_SOURCE DATA:_
= Beginning of Section =
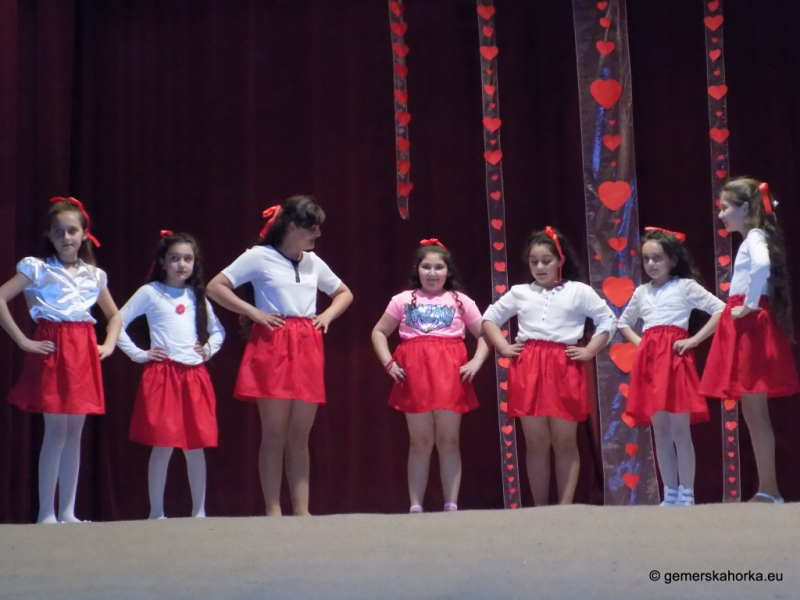 2017/ Anyák Napja - Deň matiek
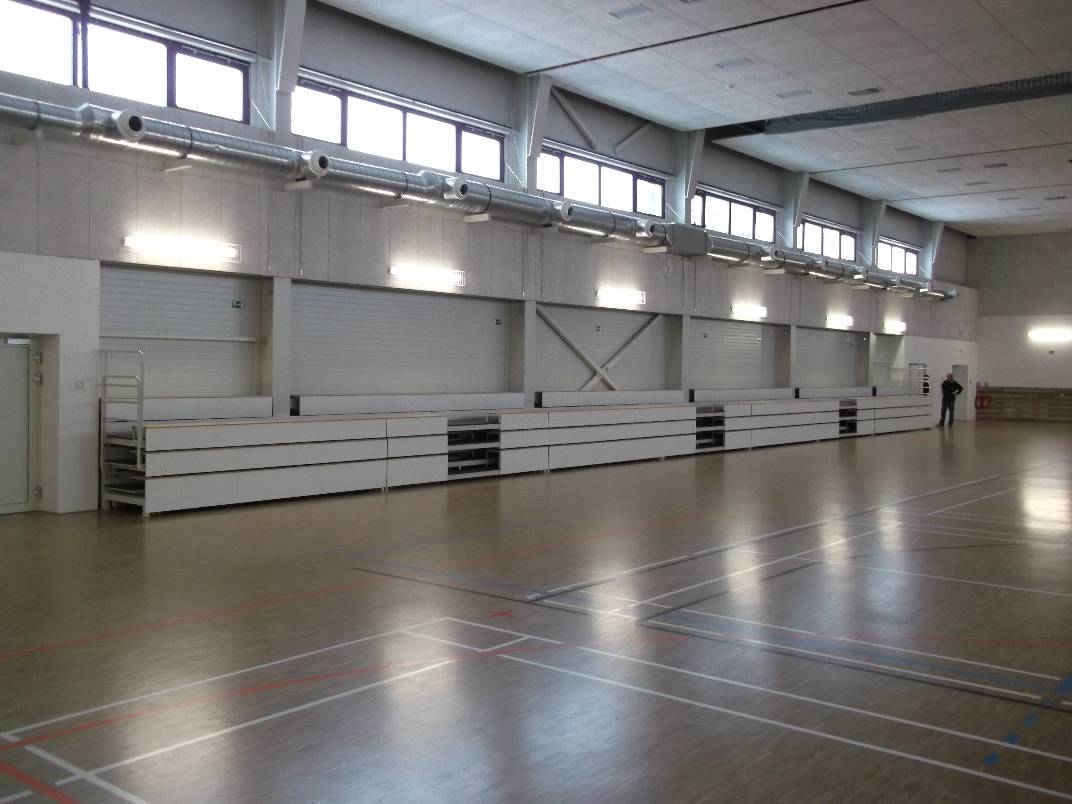 Výsuvná tribuna 13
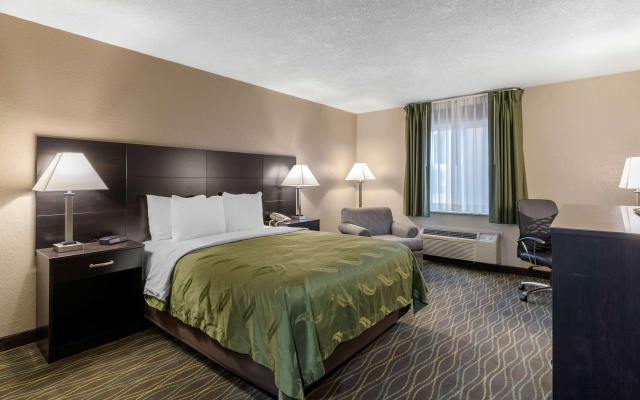photo 5 of Quality Inn & Suites Des Moines - Merle Hay Road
= End of Section =
_TASK:_ Output the listing above exactly as it stands; no picture should appear.

_RESPONSE AREA:_
 2017/ Anyák Napja - Deň matiek
 Výsuvná tribuna 13
photo 5 of Quality Inn & Suites Des Moines - Merle Hay Road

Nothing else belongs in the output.